For multiple decades, the entire semiconductor design ecosystem — from EDA and IP providers to foundries and equipment makers — has evolved with the assumption that more functionality can be added into chips and packages, while improving the power, performance, and area/cost equation. But as the ability to pack all of this functionality into a single die or package becomes more difficult, the complexity of developing these devices has skyrocketed.

With advanced packages estimated to pack in 100 trillion transistors in the not-too-distant future, keeping a tight rein on power, performance and area/cost (PPA/C) requires significant shifts at every turn in the design-through-manufacturing flow.

“Today the industry is not ready, but we are going toward that,” said Sutirtha Kabir, senior architect for R&D engineering at Synopsys. “What do we see as steps between today and that year, whether it’s 2030 or sooner?
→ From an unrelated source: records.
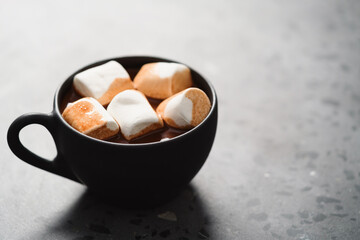 cup of hot chocolate with marshmallow on terrazzo background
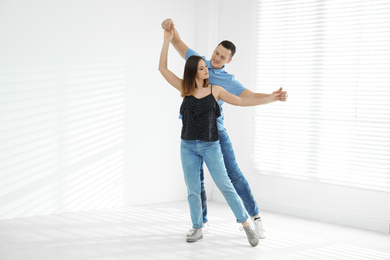 Beautiful young couple dancing in empty studio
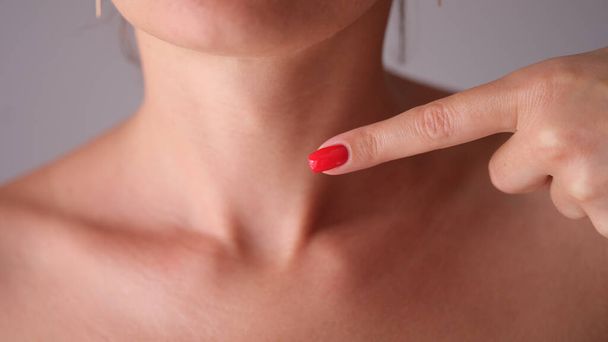 Young woman pointing her finger at neck. Thyroid disease concept - Foto, immagini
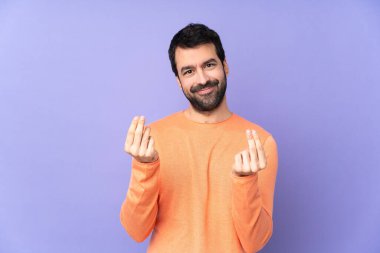 Kafkasyalı yakışıklı adam soyutlanmış mor arka planda para hareketi yapıyor.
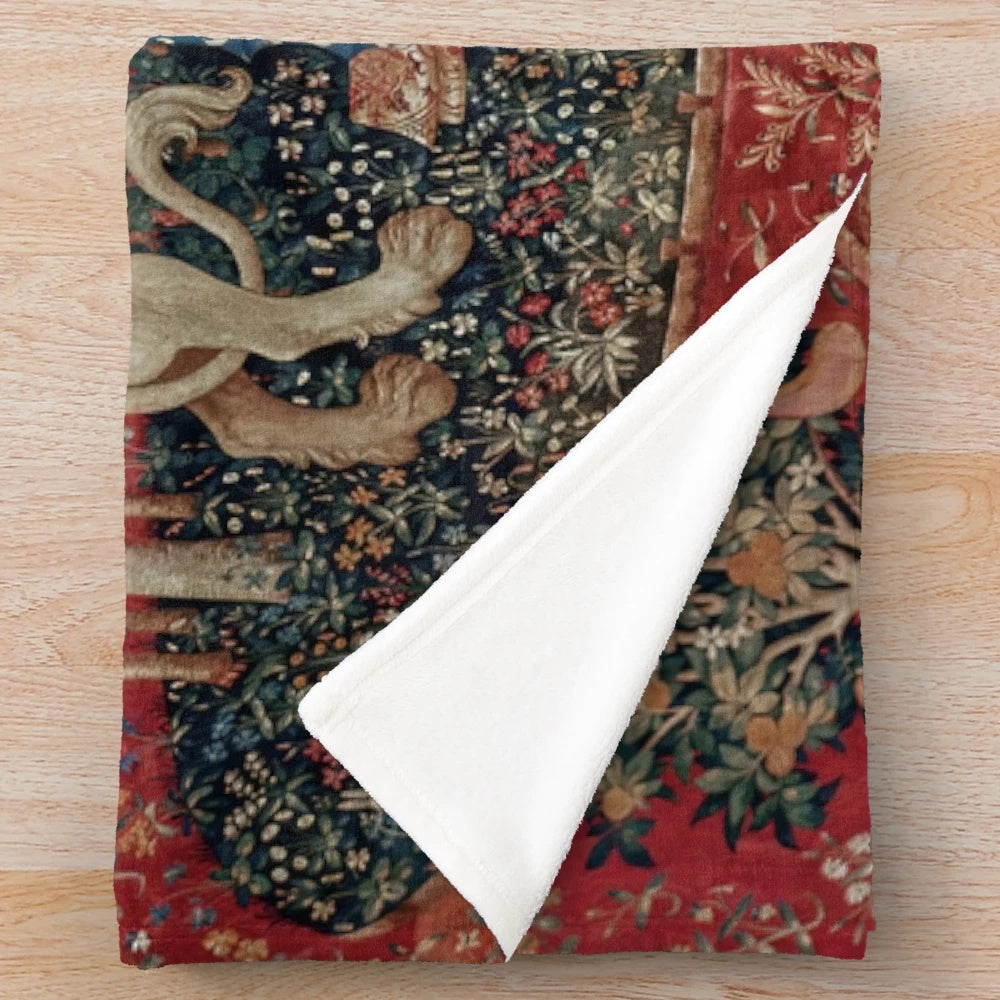 Soft, plush blanket featuring a medieval-inspired tapestry design with a unicorn and lady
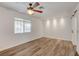 Bedroom with a ceiling fan, wood floors and a window for natural light and street views at 4430 Eureka Cir, Las Vegas, NV 89103
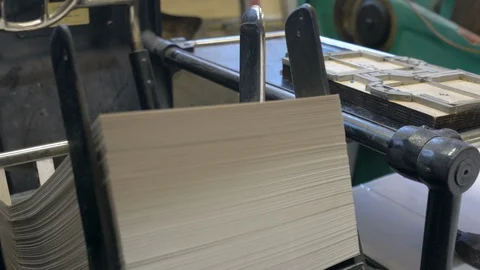 Printed sheets of paper are served in the printing press Stock-Footage 120898202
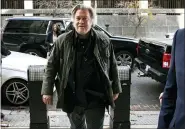  ?? AL DRAGO, FILE - THE ASSOCIATED PRESS ?? In this Nov. 8, 2019 file photo, former White House strategist Steve Bannon arrives to testify at the trial of Roger Stone, at federal court in Washington. Bannon was arrested Thursday, Aug. 20, on charges that he and three others ripped off donors to an online fundraisin­g scheme “We Build The Wall.” The charges were contained in an indictment unsealed in Manhattan federal court.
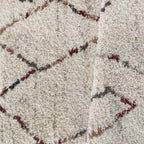 Gros plan sur les motifs berbères bordeaux, gris et caramel du tapis Arles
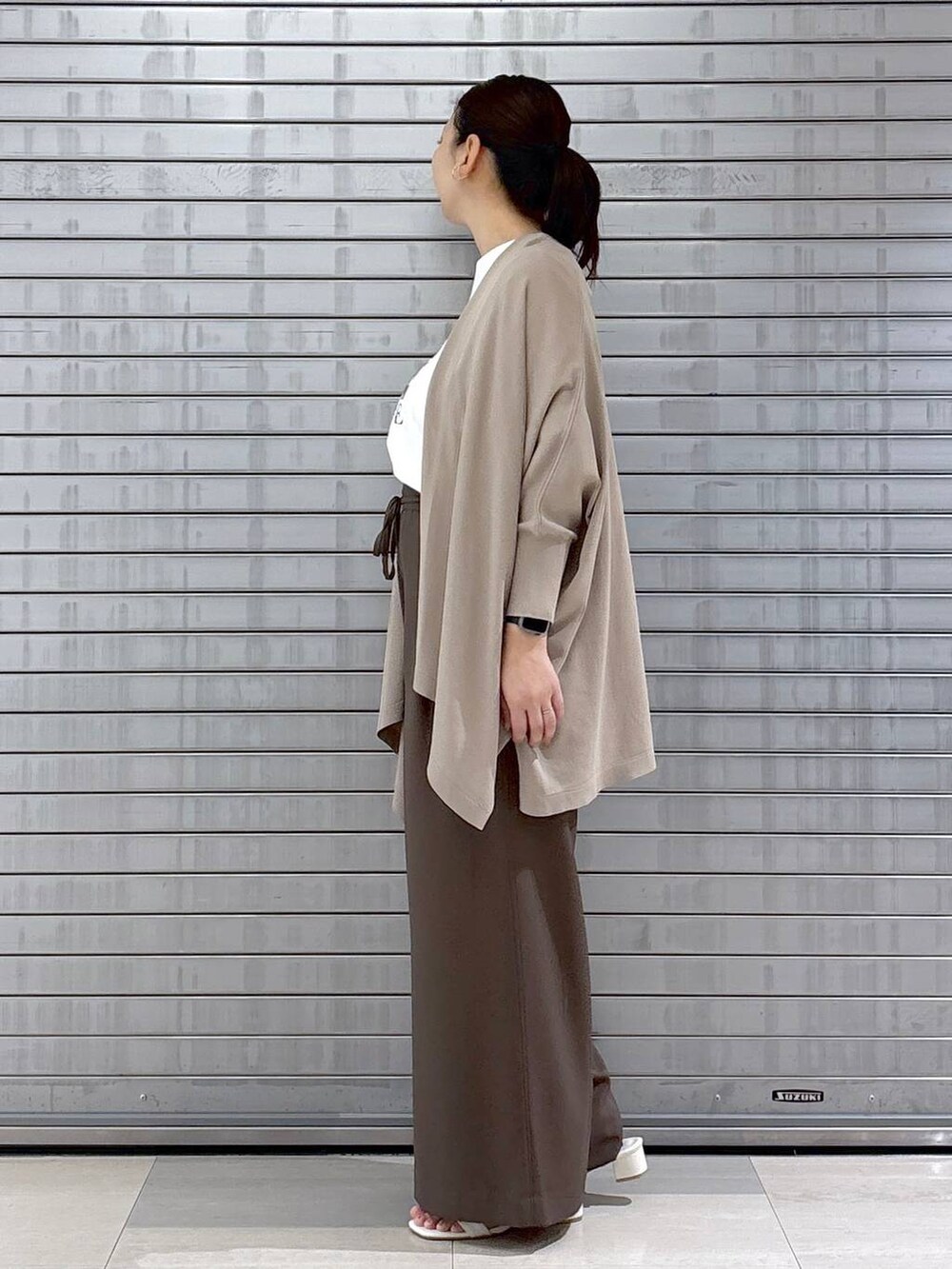 ベージュ系のハンドバッグ、ブラウン系のその他パンツ、ホワイト系のTシャツ/カットソーを着用したレディースの春コーディネートの3枚目の写真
Assuming that you take an SoC and you fold it [a simple 3D-IC analogy], assuming that all you’ve done is put them into two die with the same functionality, but nothing else has changed, your transistor count hasn’t changed, but what you have done in this process is add the interface between these two chips, whether it’s bumps or HBIs (hybrid bond interconnects).”

Designs previously done on a single chip become more complicated just by virtue of the fact that functionality is now spread across multiple chips or chiplets. “It’s basically how much more difficult is it to do the task that was previously done,” said Ron Press, senior director of technology enablement for Tessent silicon lifecycle solutions at Siemens EDA. “Remember the famous quote from Bill Gates in 1981, ‘640Kb of memory ought to be enough for anybody.’ That was appropriate then. Complexity is what drove the advent of EDA. Once a task gets too difficult to perform with traditional methods, then some type of abstraction and automation is necessary. From early electronics, this drove programming languages compiled to designs in silicon and many EDA tools. So the definition of complexity is always relative to the current state-of-the-art capabilities.”

This is compounded by higher data rates, which constitute yet another metric for complexity.  “If you look at data rates versus time, for 2G, 2.5G, 3G, 4G, 5G, the data rates they support scale about the same as Moore’s Law, which is another confirmation [of growing complexity],” noted Chris Mueth, director of new markets management at Keysight. “2G phones way back when were a collection of components — transistors, little modules, and discrete components. The phones were jam-packed with electronic components, and there wasn’t a lot of room for additional functionality. But now everything’s integrated. The modules are almost the size of an IC chip way back when, and that has everything inside of them. 3D-ICs are going to take it to the next level.”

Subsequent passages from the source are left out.